Hiking to the High Place of Sacrifice will take you most of the afternoon. If you start from Qasr Al-Bint after lunch you will probably not encounter too many people along the trail, and you’ll have the late afternoon sun illuminating the magnificent royal tombs on the East Cliff on your way back down.
Day 7: The King’s Highway
Stock up on delicious pastries at Sanabel bakery before leaving Wadi Musa in direction of Madaba along the King’s Highway (the old road from Petra to Amman). On the way, you can make stops at Shobak Castle, a mix between Crusader, Mamluk and Ottoman architecture, and/or the better preserved (but still pretty dusty and abandoned) Karak Castle, a huge Crusader fortress with sweeping views over the surrounding valley.
There is not a single decent restaurant here though, so drive on to Madaba for lunch. Atmospheric Haret Jdoudna was our favorite restaurant of the whole trip. Spread over two adjoining old houses and a lovely courtyard, they serve delicious and varied Arabic food.
Spend the afternoon exploring Madaba’s Byzantine and Umayyad mosaics (be aware that in winter many places close at 4pm). The most famous is the mosaic map of the Holy Land at St George’s Church. But there are many more mosaics to see at the Archeological Park and at several other churches, most notably the Church of the Apostles. Madaba is very close to the airport so it’s a good last stop on your trip, or…
Extra day 7: Azraq and the Eastern Desert
If you can stay a little longer, instead of stopping in Madaba, drive on to Azraq. This oasis town in the desert East of Amman is not a must-visit, but if you’re interested in nature and desert life it makes for an enjoyable change from the rest of Jordan. The road there (or the way back the next day) is a good occasion to visit the early-Islamic “desert castles” of Qasr Kharana and Qusayr Amra, both along highway 40. The first is an oddly elegant square box in the middle of empty desert, the other a small bathhouse with wonderful early 8th century frescoes. They only take about half an hour to visit.
Azraq has historically been a crossroads for both people and animals. Lawrence of Arabia chose Qasr Azraq as his headquarters.

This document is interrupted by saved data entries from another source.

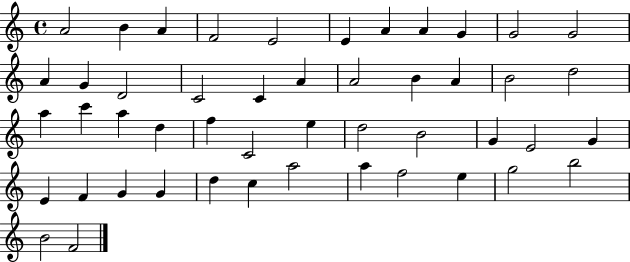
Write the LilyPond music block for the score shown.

{
  \clef treble
  \time 4/4
  \defaultTimeSignature
  \key c \major
  a'2 b'4 a'4 | f'2 e'2 | e'4 a'4 a'4 g'4 | g'2 g'2 | \break a'4 g'4 d'2 | c'2 c'4 a'4 | a'2 b'4 a'4 | b'2 d''2 | \break a''4 c'''4 a''4 d''4 | f''4 c'2 e''4 | d''2 b'2 | g'4 e'2 g'4 | \break e'4 f'4 g'4 g'4 | d''4 c''4 a''2 | a''4 f''2 e''4 | g''2 b''2 | \break b'2 f'2 | \bar "|."
}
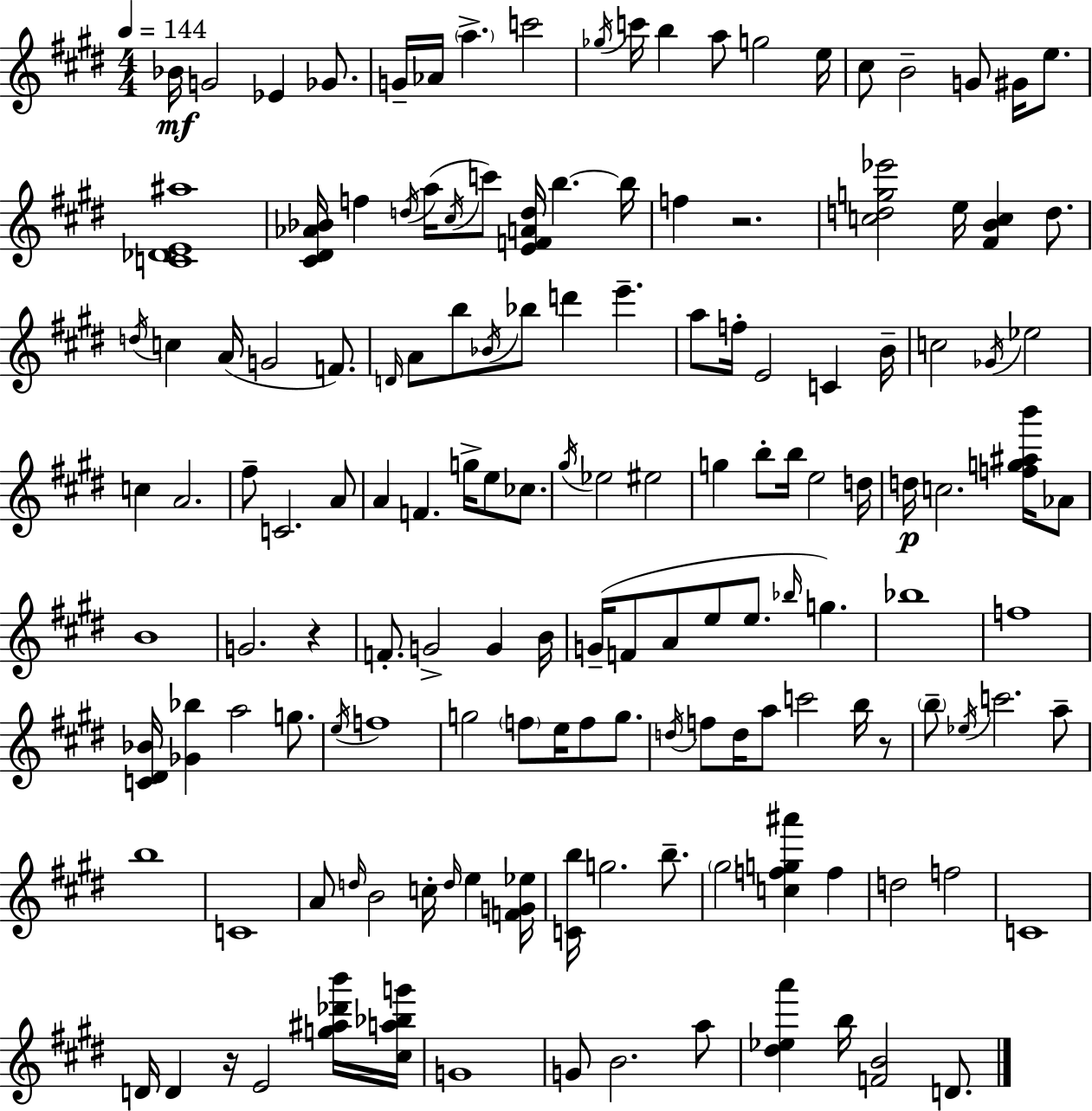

The Azraq wetlands the castle used to overlook are not so spectacular now, but just imagine that once upon a time hippopotamus, ostriches and lions roamed the area. Water buffalo and thousands of migrating birds were still to be found here until a few decades ago, but depletion of the water means the oasis has now almost disappeared. Nevertheless, efforts are being made to restore or at least halt the decline, and a visit to the Azraq Wetland Reserve supports this initiative. A well-organized walkway leads through the lagoon, with bird hides to observe the remaining wildlife.
Spend the night at Azraq Lodge, a rather unusual hotel in a 1940s British military hospital (once again, run by Wild Jordan). It has retained a spartan character but is comfortable and strangely charming. The restaurant is run by a Chechen family and its buffet dinners are a pleasant change from the usual Lebanese fare. Reserve ahead.
Day 8: Shaumari Wildlife Reserve
Although hippos are a thing of the past, some wildlife remains or has been reintroduced to the area. Shaumari Wildlife Reserve is a breeding center for endangered Arabian oryx, onagers (an Asian wild ass) and other wildlife, which is open to visitors on reservation. The reserve is small but very well-run. You will be driven around in an open safari vehicle and receive plenty of information about the animals’ desert habitat.
As most flights leaving Jordan depart (late) in the evening, you’ll probably still have the rest of the day to fill. This is a good time to fit in those Madaba mosaics, and a last meal at Haret Jdoudna mentioned before. I hope you enjoyed reading my Jordan road trip itinerary, now it’s time to be off!